***** Data
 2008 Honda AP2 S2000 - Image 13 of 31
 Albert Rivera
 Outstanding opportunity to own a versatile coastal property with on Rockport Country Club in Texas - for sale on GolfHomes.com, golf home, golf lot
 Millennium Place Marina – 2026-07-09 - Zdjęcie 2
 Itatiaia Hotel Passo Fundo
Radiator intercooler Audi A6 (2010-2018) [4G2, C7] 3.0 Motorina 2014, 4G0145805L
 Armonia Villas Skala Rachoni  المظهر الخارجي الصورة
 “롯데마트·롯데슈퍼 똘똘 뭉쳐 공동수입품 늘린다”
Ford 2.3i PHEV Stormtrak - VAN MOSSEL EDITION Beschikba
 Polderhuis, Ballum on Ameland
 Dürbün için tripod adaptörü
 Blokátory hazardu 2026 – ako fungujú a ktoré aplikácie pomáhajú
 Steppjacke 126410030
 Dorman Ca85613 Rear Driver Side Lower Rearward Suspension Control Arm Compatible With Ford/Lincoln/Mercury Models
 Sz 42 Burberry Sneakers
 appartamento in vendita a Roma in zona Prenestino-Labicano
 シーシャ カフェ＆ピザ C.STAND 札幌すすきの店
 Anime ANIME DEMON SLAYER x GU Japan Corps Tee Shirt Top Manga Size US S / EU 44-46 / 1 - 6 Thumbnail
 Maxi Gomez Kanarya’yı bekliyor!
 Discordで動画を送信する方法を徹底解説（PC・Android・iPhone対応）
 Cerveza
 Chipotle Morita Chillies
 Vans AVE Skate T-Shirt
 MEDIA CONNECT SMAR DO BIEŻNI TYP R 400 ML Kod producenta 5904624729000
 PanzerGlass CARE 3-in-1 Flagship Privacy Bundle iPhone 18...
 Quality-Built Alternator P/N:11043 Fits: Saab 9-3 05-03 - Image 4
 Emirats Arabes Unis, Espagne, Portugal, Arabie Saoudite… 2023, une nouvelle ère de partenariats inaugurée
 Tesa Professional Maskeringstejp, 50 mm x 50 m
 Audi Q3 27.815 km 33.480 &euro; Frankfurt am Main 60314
**********
_Task objective_.
Using the data above, repeat exactly the lines that begin at the line with "MEDIA CONNECT SMAR" and end at the line with "Emirats Arabes Unis, Espagne, Portugal, Arabie", both ends included.

_Result of the exercise_.
 MEDIA CONNECT SMAR DO BIEŻNI TYP R 400 ML Kod producenta 5904624729000
 PanzerGlass CARE 3-in-1 Flagship Privacy Bundle iPhone 18...
 Quality-Built Alternator P/N:11043 Fits: Saab 9-3 05-03 - Image 4
 Emirats Arabes Unis, Espagne, Portugal, Arabie Saoudite… 2023, une nouvelle ère de partenariats inaugurée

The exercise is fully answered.